企業法務コラム

JOC、50以上の競技対象に暴力・パワハラ調査へ

暴力やパワーハラスメントについてJOCが実施する実態調査が、五輪競技を含む50以上の競技を対象にすることが2日、分かった。セクハラについても調べる。
JOCには59団体が加盟、準加盟しており、関係者は「五輪競技に限定せず、徹底的に調べる」と述べた。質問項目を各団体の責任者に通達する形を取り、選手の範囲は「日本代表のトップクラスになる」とした。過去どのくらいさかのぼるかは未定という。JOCは柔道での問題で、文部科学省から他競技の調査も指示された。

※引用
2013年2月3日 スポニチ
「50以上の競技対象 JOCの暴力、セクハラ実態調査」
http://www.sponichi.co.jp/sports/news/2013/02/03/kiji/K20130203005115401.html

(評)
女子柔道におけるパワハラ(暴力)問題が、他競技にまで拡大しそうな雰囲気だ。
園田監督は、代表選手らを、竹刀で叩いたり、平手打ちをしたりしたというが、暴行罪という立派な犯罪だ。

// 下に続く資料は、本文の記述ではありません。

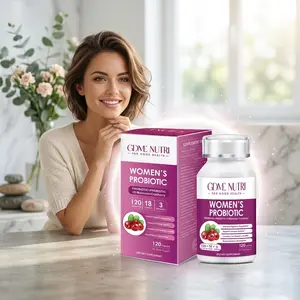 Women's Probiotics, 120 Tablets 120 Billion CFU 18 Strains, Contains Organic Prebiotic Cranberry, Probiotic Supplement for Digestion, Immunity, Women's Health, Soy Gluten Dairy Free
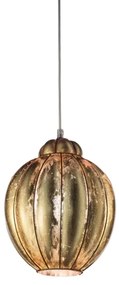 Lustră pe cablu SIRU FOGLIA ORO 1xE27/60W/230V d .25 cm auriu sticlă venețiană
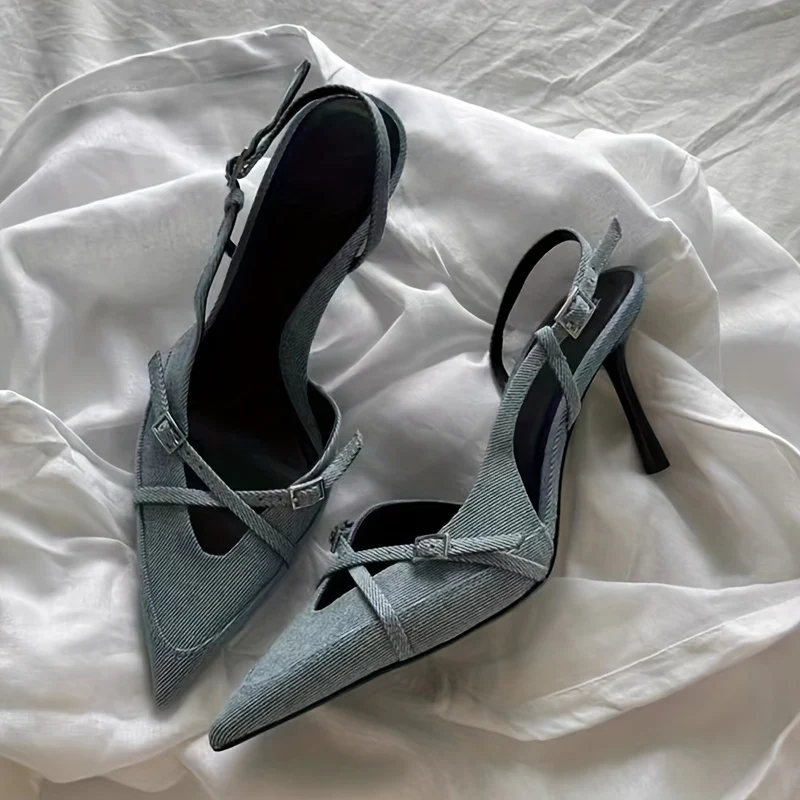 deanwangkt  Pointed Toe Women High Heels Shoes Designer Slingback Sandals Dress Pumps Shoes - Deanwangkt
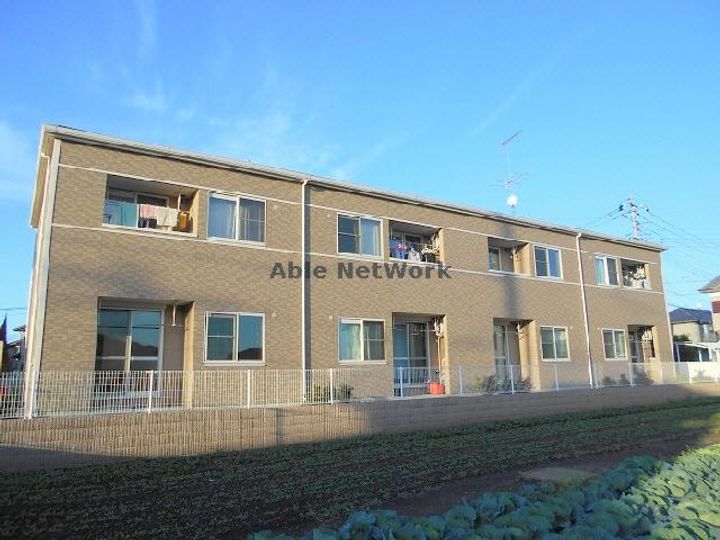 茨城県古河市女沼(アパート)の賃貸物件の外観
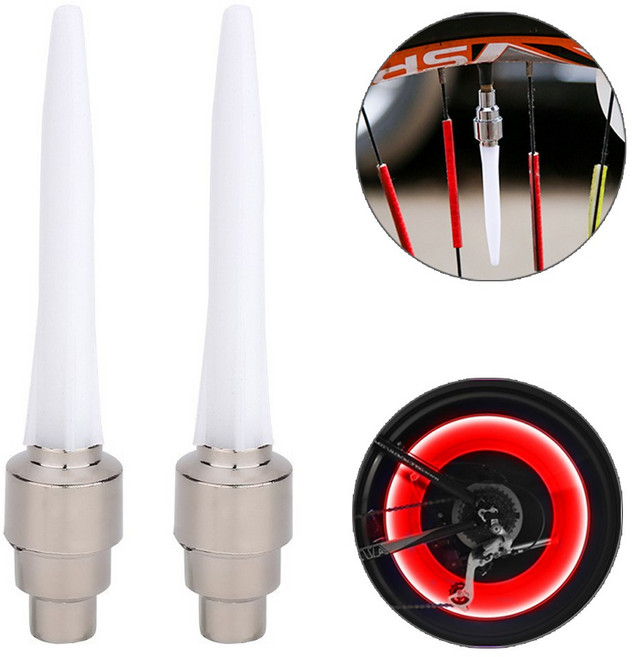 자전거 휠라이트 D타입, 2개, 레드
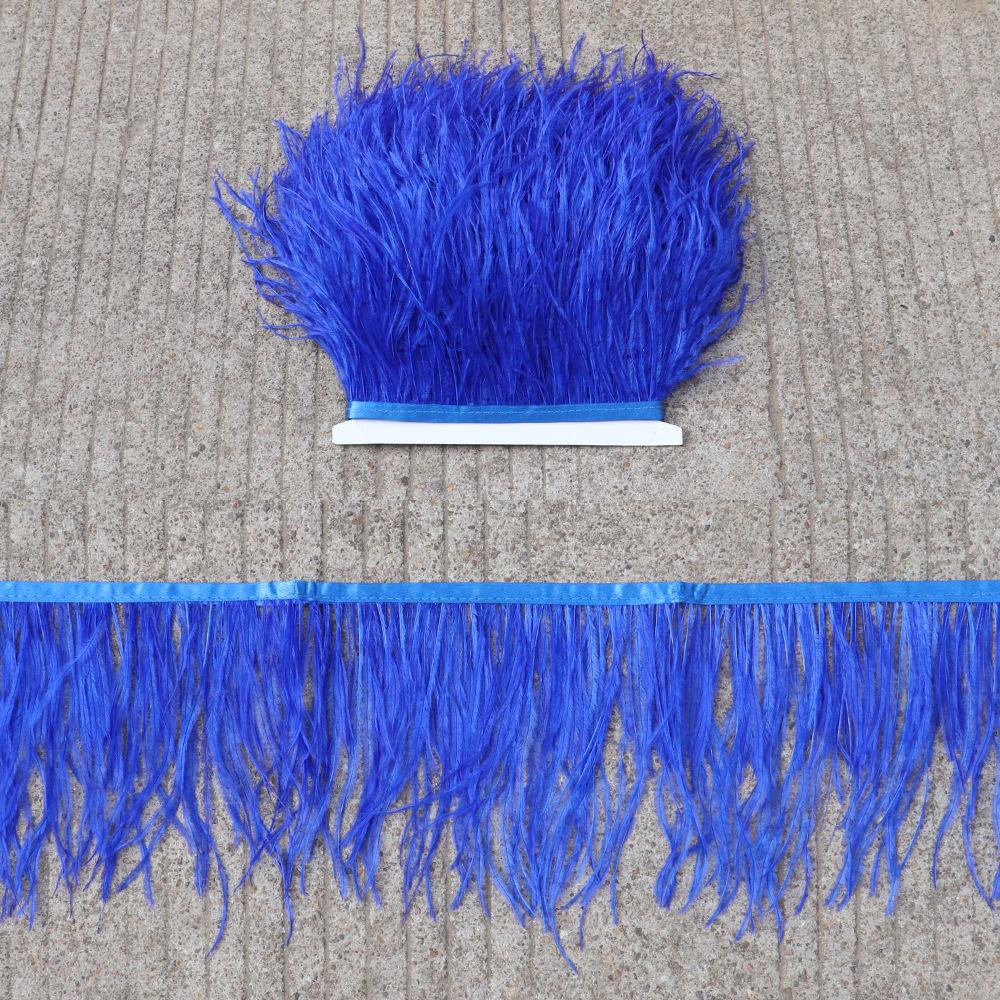 Thickened Encryption Ostrich Hair Cloth Edge 10-15Cm Feather Clothing Skirt Accessories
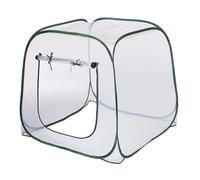 Nature Serre de Jardin Pop-Up 100x100x100 cm - Protection Anti-UV, Toile PE Transparent 0.8 mm, Microclimat, Plisable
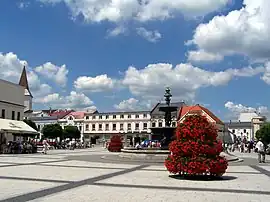 Town square in Karviná-Fryštát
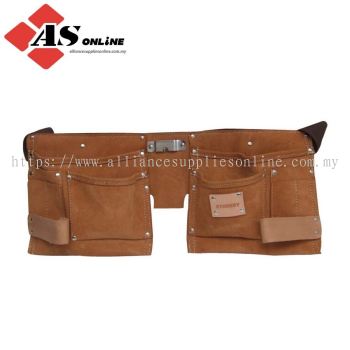 KENNEDY Tool Belt, Leather, Brown, 10 Pockets, 550 x 220mm / Model: KEN5933500K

園田監督のやったことも問題だが、全柔連、JOCの対応も最悪だった。12年9月に内部告発を受けて、全柔連が調査したが、園田監督が始末書を提出したため、お咎めなし。この処分に不満を持った選手15人が、12年12月JOCに連名で文書による告発・調査やり直しを求めた。にもかかわらず、JOCは全柔連に下駄を預けた。13年1月19日、全柔連が下した処分は戒告処分で、代表監督も続投となった。全柔連の処分に納得ができないから、JOC宛告発がなされたのに、JOCの無責任ぶりもはなはだしい。

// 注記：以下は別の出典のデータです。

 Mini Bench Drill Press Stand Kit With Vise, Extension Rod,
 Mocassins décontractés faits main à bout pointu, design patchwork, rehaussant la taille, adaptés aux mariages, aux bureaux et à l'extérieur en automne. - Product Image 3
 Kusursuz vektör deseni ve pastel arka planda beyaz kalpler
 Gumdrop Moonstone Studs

講道館での園田監督の辞任会見もお粗末だった。「私の行動、言動が選手をはじめ多くの関係者にご迷惑をお掛けし、誠に申し訳ありません」とのこと。「選手」との言葉が先には来ているが、すぐその後に「多くの関係者に」との言葉が続き、謝罪の相手として「選手」と「全柔連、JOC」が同列に置かれている。しかも、次に継いだ言葉が「ご迷惑をお掛けし」だ。選手に対しては謝罪あるのみで、「迷惑」で済む話ではない。要するに園田監督は、全柔連、JOCへ「迷惑」をかけたことで頭がいっぱいで、この発言につながったのだろう。

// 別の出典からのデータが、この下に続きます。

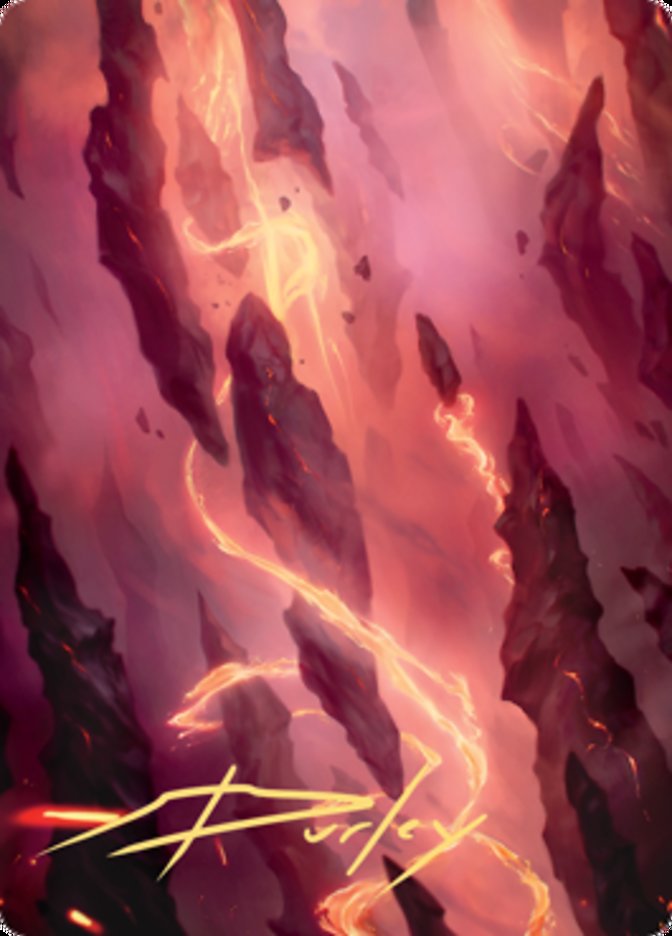 Mountain 1 Art Card (Gold-Stamped Signature) [Zendikar Rising Art Series] | GnG Games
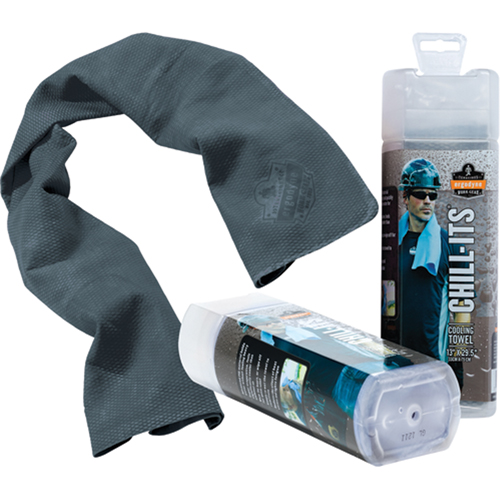 Chill-Its&reg; 6602 Cooling Towels, Grey NRZ Safety Inc.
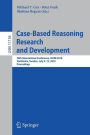 Case-Based Reasoning Research and Development: 26th International Conference, ICCBR 2018, Stockholm, Sweden, July 9-12, 2018, Proceedings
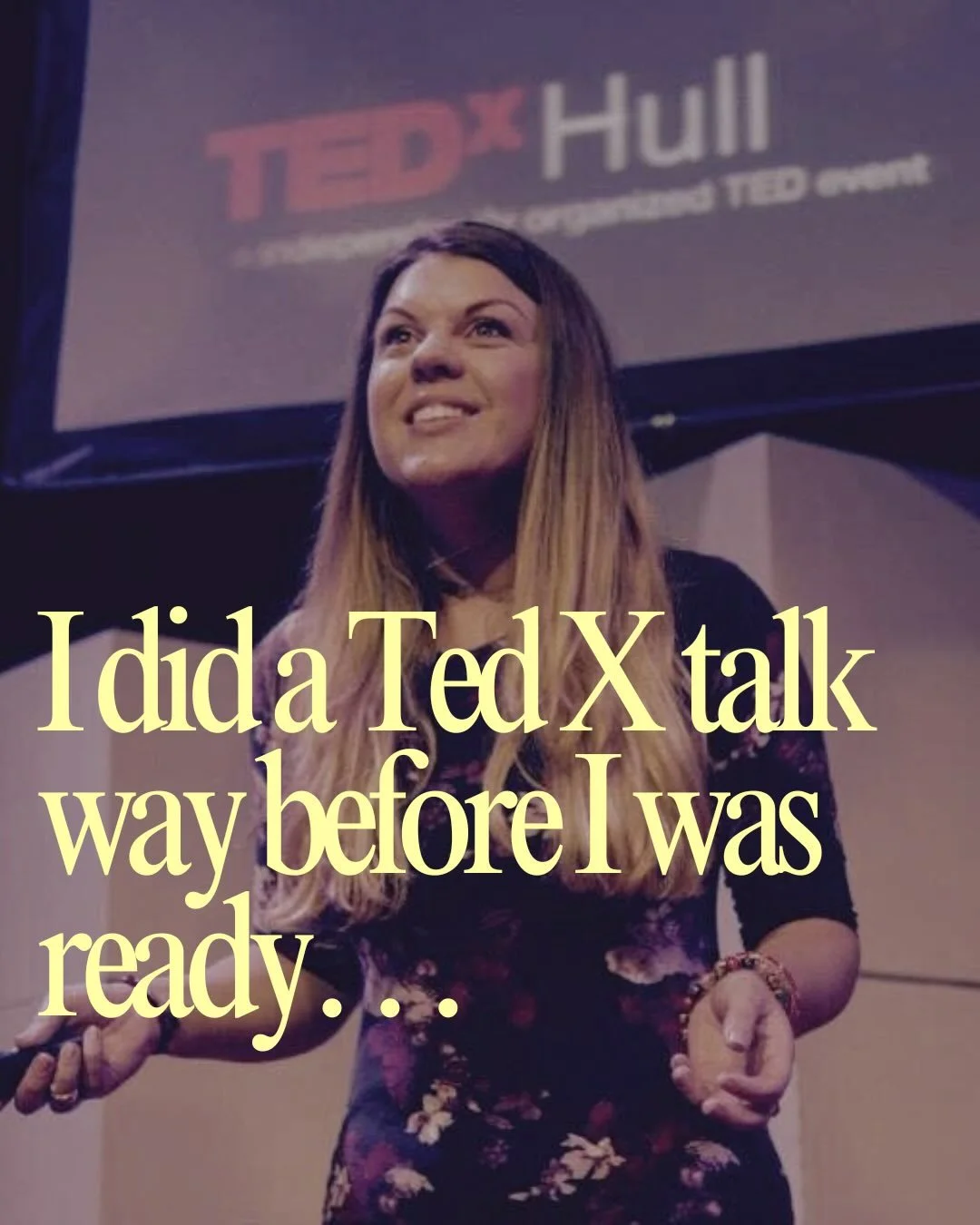 There&rsquo;s so much more to this story 😅 but wow, what a learning curve it was! 🩷 I use this experience as a reference point in my life to remind me whenever that feeling comes up again&hellip; &ldquo;but I did a Ted talk before I was ready. I wa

この点は、園田監督自身の問題を超えて全柔連への責任に行き着く。子どもが後輩に暴力をふるって、子どもが親に連れられて、後輩のうちに謝りに行った。そのときに、「●君だけでなく、うちの親にも迷惑をかけた」などと言ったら、「親の教育はどうなっているの?」と言われるだろう。
JOCが、各団体にアンケート調査をとるのは当然だが、その調査の結果、同じようなことが起これば火に油を注ぐ。もし、アンケートを送られた各団体も、東京五輪開催にマイナスになるから、暴力があっても、なかったことにしよう、ということになったら、それこそ大問題だ。マスコミは日ごろの指導者の言動を見ている。にもかかわらず、白々しく「暴力はありませんでした」などと回答したらマスコミの袋叩きにあう。マスコミは、日ごろは攻撃材料をプールするだけで、黙っているが、いざ話題になると、視聴率をとるために、一気に叩きに来る。このことはよく覚悟した方が良い。